INPUT DATA:
== Segment start ==
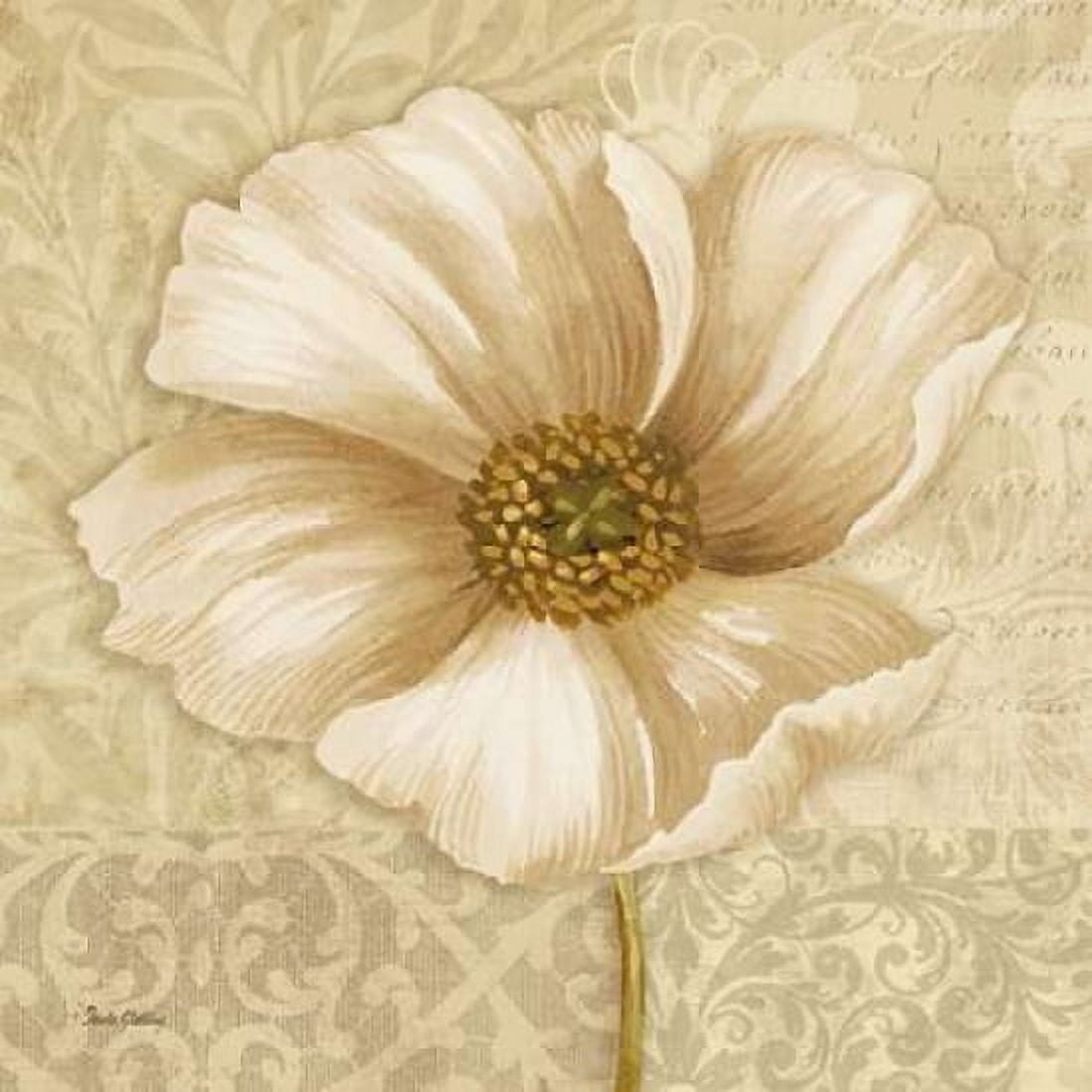 Soft Bloom II Canvas Art - Pamela Gladding (24 x 24)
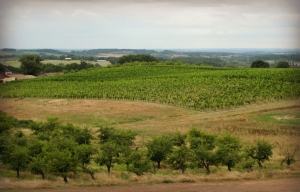 Le vignoble du Château Trolliet-Lafite, en terre de Bergerac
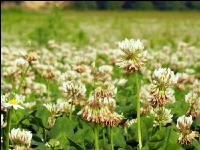 White clover bloom 12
== Segment end ==
TASK STATEMENT: Nothing but the lines from the one holding "Le vignoble du" through the last line of the listing should appear in the answer, copied exactly and without pictures.

TASK RESULT:
 Le vignoble du Château Trolliet-Lafite, en terre de Bergerac
 White clover bloom 12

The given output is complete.